Another myth of worship is that worship is a place we go to on Sunday mornings; it is an act, a liturgy, a set of routines we must go through. We might see worship as set of divine hoops we jump through as we do our “churchy” duties. God weeps at the thought of this type of worship.
What is true worship?
The word “worship” is derived from two words—worth and ship. Worship is saying that God is worthy to receive glory and honor from me. Thus, worship is the ongoing declaration of the worth of God in my live from all that I that I am and do because of all He is and does.
Romans 12:1 says, “Therefore, I urge you, brothers, in view of God’s mercy, to offer your bodies as living sacrifices, holy and pleasing to God—this is your spiritual act of worship (NIV).” This verse is familiar to us, but we often fail to realize it is a call to worship God. We are told a number of truths in this verse regarding worship.
First, my body is to be the vessel of worship. It is a vessel that is to be purified for use in God’s service (2 Cor 4:7). Worship takes place in me. I am the temple, dwelling place, high priest, and vessel. Worship is me taking my life and placing it on the altar as an act of worship to God. Worship is my personal, privileged responsibility encased in my life as the dwelling place of God.
Second, worship is my response to God. The passage begins with “Therefore” which alludes to the first eleven chapters of Romans which show that I have been cleansed of sin and brought into a relationship with God. How can I say thanks to God? If He never did another thing for me, He has redeemed me and for that reason alone He is worthy of my praise and of my worship.
Third, worship is a requirement. God’s first commandment in the Mosaic Law was that you shall have no other gods before Me. Even in our worship, we can put God second. Sometimes the music becomes our worship. Sometimes, just going to a church service becomes our worship. But our required worship is to show God the worth we place on Him. Only He is worthy of our worship.
Forth, worship is to be holy. The vessels used in the worship of God in the Old Testament were purified before they could be used. In the same way, we must be purified—made holy—before we can be used as vessels of worship before God.
Fifth, worship is to be our priority. The progression from Rom 12:1 throughout the rest of the book emphasizes this point. I first lay my life on the altar of God. Verse 12:2 then reveals that my mind is to be transformed. The rest of the chapter shows the importance of using my spiritual gifts in my worship of God. The rest of the book shows how I am to lead a Godly life and thus prove the worth I place on God. All of these are my act of worship—my demonstration of the worth of God in my life. My most important action is to worship God in my life from all that I am and do because of all He is and does.

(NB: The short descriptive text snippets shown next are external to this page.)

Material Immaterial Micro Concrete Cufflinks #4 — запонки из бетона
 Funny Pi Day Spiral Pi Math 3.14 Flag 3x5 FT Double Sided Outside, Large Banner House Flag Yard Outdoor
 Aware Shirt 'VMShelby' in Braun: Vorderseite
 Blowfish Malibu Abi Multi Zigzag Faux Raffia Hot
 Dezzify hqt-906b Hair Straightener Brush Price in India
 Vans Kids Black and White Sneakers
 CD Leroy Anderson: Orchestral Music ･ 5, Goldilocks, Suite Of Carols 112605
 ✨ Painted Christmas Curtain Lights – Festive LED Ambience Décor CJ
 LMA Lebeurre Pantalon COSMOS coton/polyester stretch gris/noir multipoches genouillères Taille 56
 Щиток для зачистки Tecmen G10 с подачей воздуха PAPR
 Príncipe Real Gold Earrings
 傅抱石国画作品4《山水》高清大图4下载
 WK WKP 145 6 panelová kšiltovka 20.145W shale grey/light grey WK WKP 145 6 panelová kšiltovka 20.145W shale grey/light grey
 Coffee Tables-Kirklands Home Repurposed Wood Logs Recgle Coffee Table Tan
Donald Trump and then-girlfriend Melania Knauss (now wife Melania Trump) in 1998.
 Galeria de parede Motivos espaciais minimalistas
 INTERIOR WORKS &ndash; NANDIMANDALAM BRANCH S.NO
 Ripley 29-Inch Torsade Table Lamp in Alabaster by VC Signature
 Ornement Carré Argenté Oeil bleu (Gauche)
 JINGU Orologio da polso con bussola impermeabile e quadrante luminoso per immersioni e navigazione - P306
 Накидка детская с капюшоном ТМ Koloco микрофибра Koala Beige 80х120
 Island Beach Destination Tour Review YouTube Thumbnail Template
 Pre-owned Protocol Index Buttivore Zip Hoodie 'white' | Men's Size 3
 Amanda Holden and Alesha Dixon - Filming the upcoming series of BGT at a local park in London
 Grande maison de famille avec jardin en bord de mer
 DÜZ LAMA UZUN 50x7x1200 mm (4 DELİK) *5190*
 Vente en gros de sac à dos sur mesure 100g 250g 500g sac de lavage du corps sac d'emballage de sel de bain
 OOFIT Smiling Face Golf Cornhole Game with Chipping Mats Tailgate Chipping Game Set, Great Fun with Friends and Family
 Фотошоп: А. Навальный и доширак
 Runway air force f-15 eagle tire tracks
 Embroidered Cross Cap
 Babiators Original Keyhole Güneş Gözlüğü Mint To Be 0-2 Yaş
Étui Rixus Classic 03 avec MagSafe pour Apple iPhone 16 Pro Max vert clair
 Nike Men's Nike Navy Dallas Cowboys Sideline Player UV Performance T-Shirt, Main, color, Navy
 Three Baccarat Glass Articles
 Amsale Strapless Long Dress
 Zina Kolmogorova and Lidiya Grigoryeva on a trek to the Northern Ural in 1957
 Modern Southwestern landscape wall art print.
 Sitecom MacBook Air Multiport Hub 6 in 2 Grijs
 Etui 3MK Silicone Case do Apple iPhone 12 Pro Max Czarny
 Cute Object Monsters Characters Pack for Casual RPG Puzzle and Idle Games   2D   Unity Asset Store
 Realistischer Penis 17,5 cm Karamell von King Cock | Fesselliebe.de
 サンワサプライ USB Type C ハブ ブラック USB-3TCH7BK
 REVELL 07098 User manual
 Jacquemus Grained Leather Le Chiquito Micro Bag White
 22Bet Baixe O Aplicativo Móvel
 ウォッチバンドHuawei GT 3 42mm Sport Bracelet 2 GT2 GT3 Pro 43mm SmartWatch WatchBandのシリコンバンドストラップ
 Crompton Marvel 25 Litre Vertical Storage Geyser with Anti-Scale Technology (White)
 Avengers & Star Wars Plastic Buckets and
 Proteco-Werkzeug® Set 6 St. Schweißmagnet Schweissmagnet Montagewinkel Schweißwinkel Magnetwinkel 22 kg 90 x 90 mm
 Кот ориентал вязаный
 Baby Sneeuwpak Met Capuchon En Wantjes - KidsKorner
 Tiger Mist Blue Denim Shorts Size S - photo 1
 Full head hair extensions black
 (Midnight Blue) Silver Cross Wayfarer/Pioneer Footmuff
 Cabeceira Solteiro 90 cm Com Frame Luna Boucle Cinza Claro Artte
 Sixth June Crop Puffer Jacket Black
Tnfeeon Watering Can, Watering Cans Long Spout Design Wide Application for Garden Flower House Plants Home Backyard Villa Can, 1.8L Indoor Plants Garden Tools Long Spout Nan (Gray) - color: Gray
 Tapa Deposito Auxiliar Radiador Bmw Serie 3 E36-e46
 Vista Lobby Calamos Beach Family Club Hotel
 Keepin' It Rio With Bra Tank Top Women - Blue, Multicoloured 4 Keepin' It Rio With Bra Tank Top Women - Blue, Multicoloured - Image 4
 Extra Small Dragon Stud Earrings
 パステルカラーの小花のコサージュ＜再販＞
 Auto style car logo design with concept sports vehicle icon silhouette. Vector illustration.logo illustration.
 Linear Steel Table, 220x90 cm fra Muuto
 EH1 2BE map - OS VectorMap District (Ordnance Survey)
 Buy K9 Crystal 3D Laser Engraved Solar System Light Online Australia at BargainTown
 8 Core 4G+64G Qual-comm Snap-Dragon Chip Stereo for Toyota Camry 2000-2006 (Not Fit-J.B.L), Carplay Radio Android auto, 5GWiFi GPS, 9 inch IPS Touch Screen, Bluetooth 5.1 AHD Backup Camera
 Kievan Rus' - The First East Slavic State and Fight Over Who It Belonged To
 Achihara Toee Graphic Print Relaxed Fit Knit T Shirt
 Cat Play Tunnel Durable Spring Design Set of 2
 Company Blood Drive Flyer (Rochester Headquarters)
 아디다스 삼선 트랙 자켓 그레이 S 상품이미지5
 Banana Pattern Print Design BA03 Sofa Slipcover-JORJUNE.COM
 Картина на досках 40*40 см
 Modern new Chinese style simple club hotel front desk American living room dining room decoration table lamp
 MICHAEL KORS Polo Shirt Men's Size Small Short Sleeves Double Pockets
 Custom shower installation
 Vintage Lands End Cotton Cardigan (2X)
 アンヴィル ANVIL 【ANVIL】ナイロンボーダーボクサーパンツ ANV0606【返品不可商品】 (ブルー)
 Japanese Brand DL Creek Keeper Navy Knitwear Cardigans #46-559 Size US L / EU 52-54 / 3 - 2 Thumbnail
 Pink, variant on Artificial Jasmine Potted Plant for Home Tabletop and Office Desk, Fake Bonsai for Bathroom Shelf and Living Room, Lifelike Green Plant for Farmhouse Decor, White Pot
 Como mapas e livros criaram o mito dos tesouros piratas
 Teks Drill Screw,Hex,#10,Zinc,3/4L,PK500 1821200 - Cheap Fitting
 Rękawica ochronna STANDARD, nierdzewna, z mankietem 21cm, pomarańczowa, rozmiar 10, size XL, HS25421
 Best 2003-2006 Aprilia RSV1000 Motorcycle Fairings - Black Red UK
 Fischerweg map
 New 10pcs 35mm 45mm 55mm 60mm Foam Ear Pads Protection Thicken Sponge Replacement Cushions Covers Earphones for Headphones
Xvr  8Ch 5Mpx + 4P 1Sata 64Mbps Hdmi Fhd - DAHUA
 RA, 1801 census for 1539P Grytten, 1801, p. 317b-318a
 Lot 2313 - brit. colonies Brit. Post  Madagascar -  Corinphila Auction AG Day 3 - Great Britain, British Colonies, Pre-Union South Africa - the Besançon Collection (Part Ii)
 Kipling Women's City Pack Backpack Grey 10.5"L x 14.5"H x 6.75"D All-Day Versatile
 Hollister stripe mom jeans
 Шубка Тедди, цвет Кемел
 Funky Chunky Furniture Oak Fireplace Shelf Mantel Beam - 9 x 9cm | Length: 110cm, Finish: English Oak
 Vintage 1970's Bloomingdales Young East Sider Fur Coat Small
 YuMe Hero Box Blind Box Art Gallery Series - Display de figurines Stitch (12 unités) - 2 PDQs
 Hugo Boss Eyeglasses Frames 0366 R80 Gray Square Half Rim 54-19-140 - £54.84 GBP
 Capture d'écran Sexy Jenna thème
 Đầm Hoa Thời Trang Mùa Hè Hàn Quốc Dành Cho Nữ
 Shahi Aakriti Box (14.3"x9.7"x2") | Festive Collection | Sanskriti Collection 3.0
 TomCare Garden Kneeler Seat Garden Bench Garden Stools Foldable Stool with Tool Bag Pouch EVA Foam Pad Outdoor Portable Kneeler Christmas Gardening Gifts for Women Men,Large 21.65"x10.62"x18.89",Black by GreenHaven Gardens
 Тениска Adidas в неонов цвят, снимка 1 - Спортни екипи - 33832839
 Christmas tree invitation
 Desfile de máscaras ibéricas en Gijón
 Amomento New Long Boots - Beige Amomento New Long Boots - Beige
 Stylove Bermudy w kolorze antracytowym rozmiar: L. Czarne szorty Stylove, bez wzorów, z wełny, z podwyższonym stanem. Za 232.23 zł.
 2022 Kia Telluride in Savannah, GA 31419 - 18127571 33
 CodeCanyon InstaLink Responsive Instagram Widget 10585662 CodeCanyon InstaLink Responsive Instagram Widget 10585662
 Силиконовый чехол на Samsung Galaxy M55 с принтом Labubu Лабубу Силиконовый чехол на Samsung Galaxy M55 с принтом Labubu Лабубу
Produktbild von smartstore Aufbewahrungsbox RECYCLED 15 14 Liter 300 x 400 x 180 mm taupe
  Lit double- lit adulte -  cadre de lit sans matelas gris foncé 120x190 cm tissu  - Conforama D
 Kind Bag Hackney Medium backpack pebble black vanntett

Sixth, worship involves me as a living sacrifice. I have heard it said that the problem with living sacrifices is that they keep crawling off the altar. But we are to be living sacrifices that firmly rest on God’s altar. I am to worship God alive with life—with all the fibers of my being. Don’t crawl off the altar and worship those things that are not worthy of worship. Only the true God is worthy of our worship.
The idea of worship extends to our entire being. It is life itself. So, why do we live? We live life to show God how much He is worth to us. It is our declaration of the worth of God in my life because of what He has done. Worship is my ongoing everyday response to the worth of God and it happens intimately and corporately—in the quietness of my home and together with the body of Christ.
Worship is done through tears and laughter, grief and joy; it is done every day and everywhere. We worship because God has redeemed me and He is worth my everything. He has done much more than I deserve; He alone is worth my every act of worship.
We also worship God because of His creative work. The magnificence of His creation calls out to me to worship God. All that we see around us—the stars in the sky, the mountain brook, and grass covered plains—are there for only one reason. All creation exists only because of God.
Our temptation is to worship secondary things. Whenever we place other concerns above God we are worshiping those concerns rather than God. Our whole being must be devoted to continuously giving our worship to God.